In a press conference Wednesday morning, City Controller Alan Butkovitz released a report detailing rampant non-compliance with city codes on construction sites in North Central Philadelphia. He said that poor and uncoordinated monitoring of construction near Temple University is deteriorating the quality of life for residents of the neighborhood.
“I think we take for granted that if these projects were taking place in Center City, then [building codes] would be strictly observed,” Butkovitz told reporters gathered for the conference at the Municipal Services Building.
“North Philadelphia shouldn’t be dumped on because it is a poor, lower-income neighborhood,” he added.
The Controller’s report identified a number of common violations in the neighborhood, including illegal short dumping, improperly maintained screens and filters, and unpermitted street closures construction sites, to name a few.
But the report was most critical of the City agencies charged with monitoring development.
A statement issued alongside the report said that “inefficient project monitoring and inadequate code enforcement” among the departments of Licenses and Inspections, Streets, Water, Public Health, and Police was “one of the most significant findings” of the study, which was conducted over the spring and summer.
“The minimal oversight and lack of communication among the five departments is allowing for contractors to engage in activities that violate various codes and negatively impacts the quality of life of the residents in the surrounding neighborhood,” Butkovitz said in the statement.
The Controller’s office called for those five agencies to create a memorandum of understanding (MOU) to “provide guidance to and authority for any inspector observing building code violations to immediately address the condition observed.”
During the conference, Butkovitz said that both L&I and the Streets departments had deferred to the other when confronted with certain violations by the Controller’s office.
The report also calls for the creation of a mobile app for use by City employees, with which they could “send pictures, videos, and additional information, such as GPS location, into a central location where each department could review, document and determine appropriate action.”
It is no secret that many city agencies—especially, perhaps, L&I—are understaffed, and Butkovitz said that lack of City resources contributes to non-compliant development near Temple.
But he also said the problem was one of “prioritization,” in which the agencies neglect North Central more than other areas of the city.
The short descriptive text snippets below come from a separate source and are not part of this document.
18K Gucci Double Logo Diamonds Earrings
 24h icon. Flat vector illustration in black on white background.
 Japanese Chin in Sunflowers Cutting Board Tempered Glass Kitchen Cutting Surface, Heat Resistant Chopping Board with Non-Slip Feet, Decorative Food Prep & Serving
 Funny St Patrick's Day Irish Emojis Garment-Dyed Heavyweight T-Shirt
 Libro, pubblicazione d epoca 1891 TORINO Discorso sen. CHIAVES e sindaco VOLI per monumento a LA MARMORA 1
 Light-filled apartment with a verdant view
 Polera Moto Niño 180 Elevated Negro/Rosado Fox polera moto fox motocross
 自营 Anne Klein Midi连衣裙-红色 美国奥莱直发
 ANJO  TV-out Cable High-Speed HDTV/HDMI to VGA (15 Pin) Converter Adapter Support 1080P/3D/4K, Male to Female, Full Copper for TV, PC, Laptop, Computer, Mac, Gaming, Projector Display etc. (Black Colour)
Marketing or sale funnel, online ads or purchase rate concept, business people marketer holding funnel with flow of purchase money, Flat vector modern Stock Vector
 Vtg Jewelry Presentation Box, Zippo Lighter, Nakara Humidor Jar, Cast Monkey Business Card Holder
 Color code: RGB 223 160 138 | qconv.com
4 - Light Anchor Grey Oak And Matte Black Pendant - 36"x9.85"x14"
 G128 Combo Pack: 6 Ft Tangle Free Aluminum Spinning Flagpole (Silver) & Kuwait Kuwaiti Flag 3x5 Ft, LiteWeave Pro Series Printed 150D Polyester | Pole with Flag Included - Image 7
He said the Controller’s office hadn’t been getting the same number of complaints from other parts of Philadelphia.
“When the City doesn’t have a serious view of code enforcement, it incentivizes bad behavior,” Butkovitz said.
Showing pictures of some of the violations, Butkovitz pointed to one “real example of arrogance,” in which a developer had built a staircase at the front of a multi-unit house that encroaches 7 feet onto the sidewalk. The City’s Streets Code allows a maximum 4 1/2-foot encroachment.
“How do you build steps to within 4 feet of the curb if there’s any modicum of enforcement going on?” Butkovitz said.